» **Problem**: When you reach the line that contains "Walthers Proto 920-100642", give it back exactly along with each line after it to the end of the entries; skip any pictures.

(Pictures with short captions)
=== Begin Enclosure ===
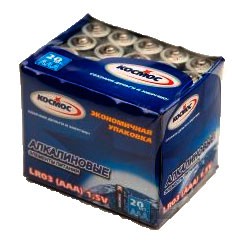 КОСМОС LR03 в упак. 20 шт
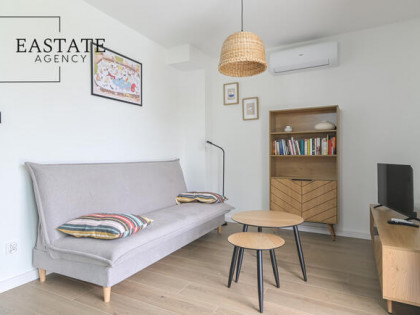 Nadmorski apartament z basenem , sauną i jacuzzi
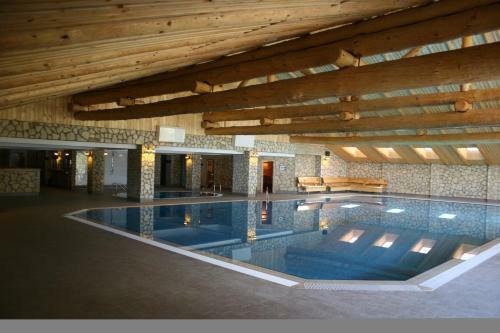 Hotel Cheile Gradistei Fundata Resort & Spa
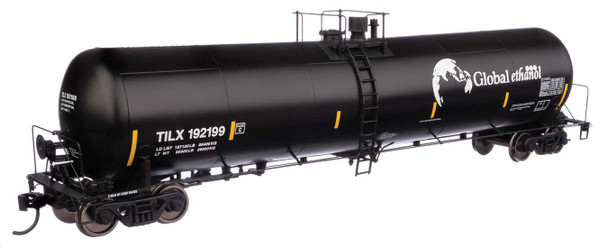 Walthers Proto 920-100642 - Trinity 30,145-Gallon Tank Car Trinity Industries (TILX) 192199 - HO Scale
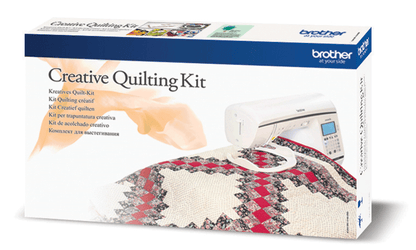brother F560 - Special Offer - includes Creative Quilt Kit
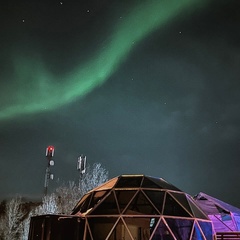 Парк отдыха Северное Сияние, Мурманская область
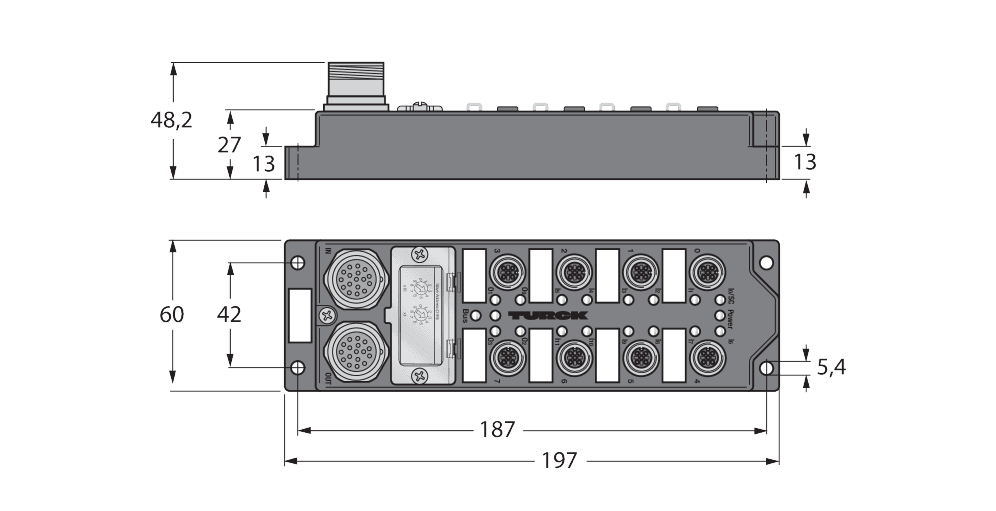 FDNL-S1204H-0153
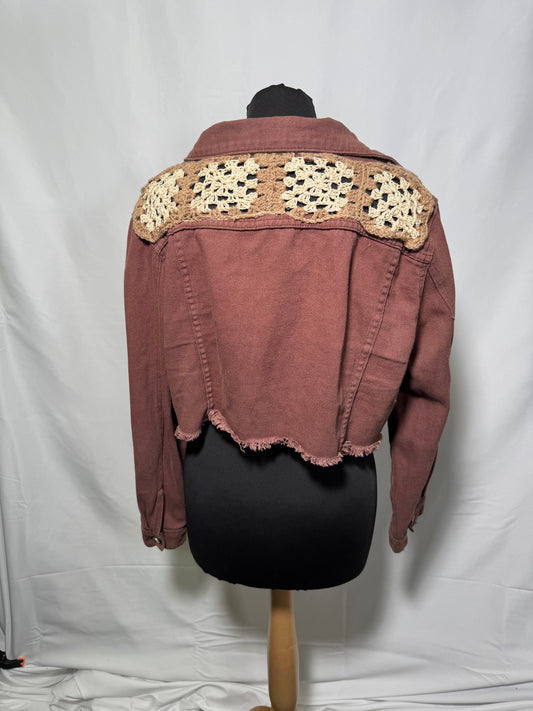 Granny Square Jacket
=== End Enclosure ===
» **Answer to this problem**:
 Walthers Proto 920-100642 - Trinity 30,145-Gallon Tank Car Trinity Industries (TILX) 192199 - HO Scale
brother F560 - Special Offer - includes Creative Quilt Kit
 Парк отдыха Северное Сияние, Мурманская область
 FDNL-S1204H-0153
 Granny Square Jacket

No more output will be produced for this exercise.